Pseudonymise and encrypt personal data, where appropriate.

r) Destination of the data.

– Return to the Data Controller the personal data and, if applicable, the supports on which they are recorded, once the service has been provided.

– The return must entail the complete deletion of the data existing on the computer equipment used by the Data Controller.

– However, the processor may keep a copy, with the data duly blocked, for as long as liability may arise from the performance of the service.

 

4. OBLIGATIONS OF THE CONTROLLER.

It is the responsibility of the Data Controller:

a) Grant the Processor access to the personal data required for the provision of the services referred to in clause 1 of this document.

b) Carry out the analysis of risks that may arise from the processing activity that is to be the subject of the assignment.

c) Carry out, if necessary, a personal data protection impact assessment of the processing operations to be carried out by the Processor.

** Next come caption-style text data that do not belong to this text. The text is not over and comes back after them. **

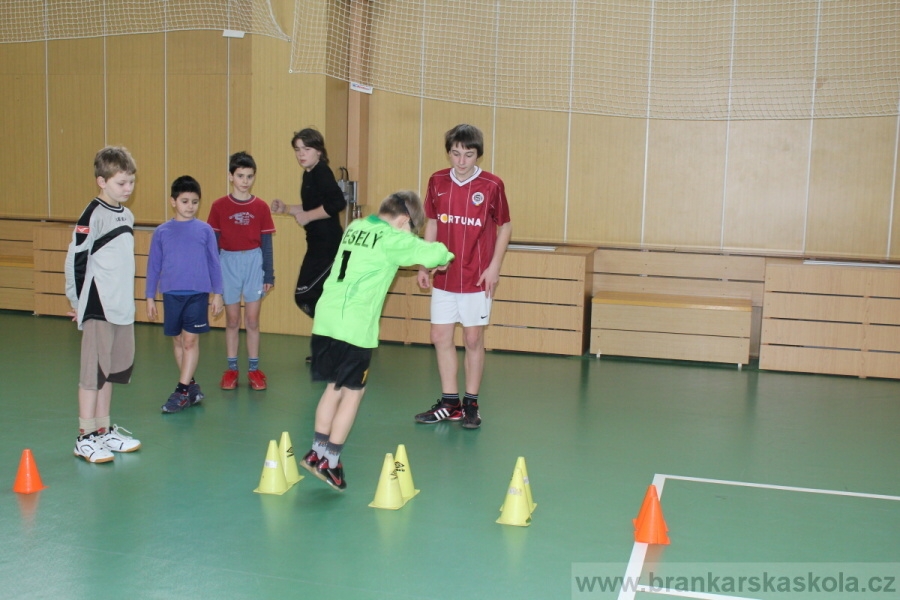 Zimn soustedn SC Nymburk 2011 - 4.2.2011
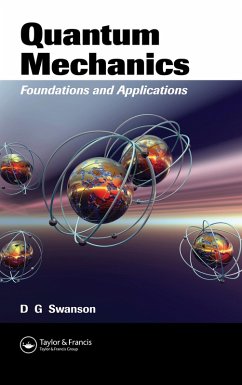 Cover Quantum Mechanics (eBook, PDF)
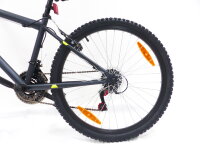 24 Zoll Fahrrad Mountainbike Bike 18 Gang Kinderfahrrad Coyote Element XR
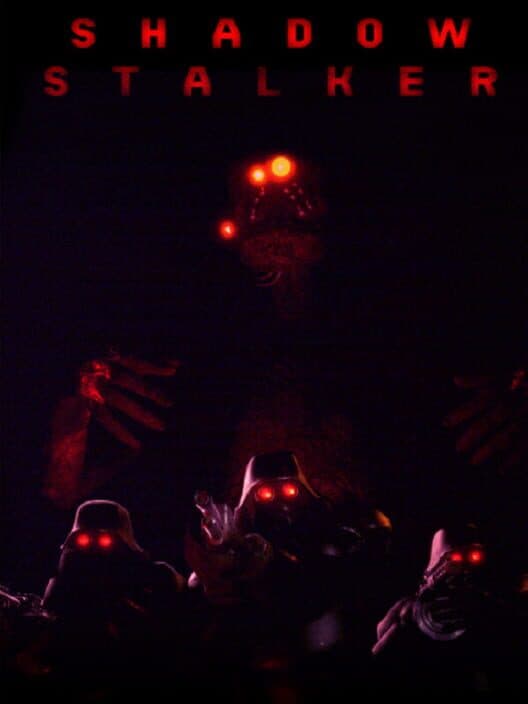 Shadow Stalker cover art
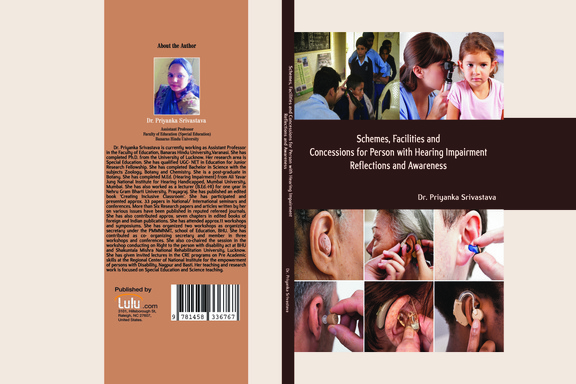 Schemes, Facilities and  Concessions for Person with Hearing Impairment Reflections and Awareness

d) Conduct prior consultations as appropriate.

e) Ensure prior to and throughout the processing that the Processor complies with the GDPR.

f) Supervise the processing, including carrying out inspections and audits, always with 45 days' notice to the Data Controller.

 

5. EXEMPTION FROM LIABILITY.

The Processor shall indemnify and hold the Controller harmless against costs related to a Data Security Breach, where such breach was caused by or attributable to a breach of service by the Processor. In the aforementioned case, it shall be necessary to have a prior report prepared by an independent auditor selected by both Parties, which determines the existence of a breach by the Processor of its data protection obligations under the Contract, or the breach of Data Security caused by or attributable to the breach of the service including the security obligations under the Contract, taking into account the technical, organisational and procedural security measures to be adopted in accordance with the provisions of the GDPR, which guarantee an adequate level of security taking into account the state of technology, the nature of the data processed and the risks to which they are exposed.

6. LEGISLATION AND JURISDICTION.

This contract is governed by current Spanish legislation and, in particular, by the provisions of the RGPD and Organic Law 3/2018 on Data Protection and guarantees of digital rights. The Parties, expressly waiving their jurisdiction, submit all interpretations or conflicts that may arise from this contract to the Courts and Tribunals indicated in the General Conditions accepted by the Client.

nixi1 Data Processing Assignment Agreement. 15 November 2022.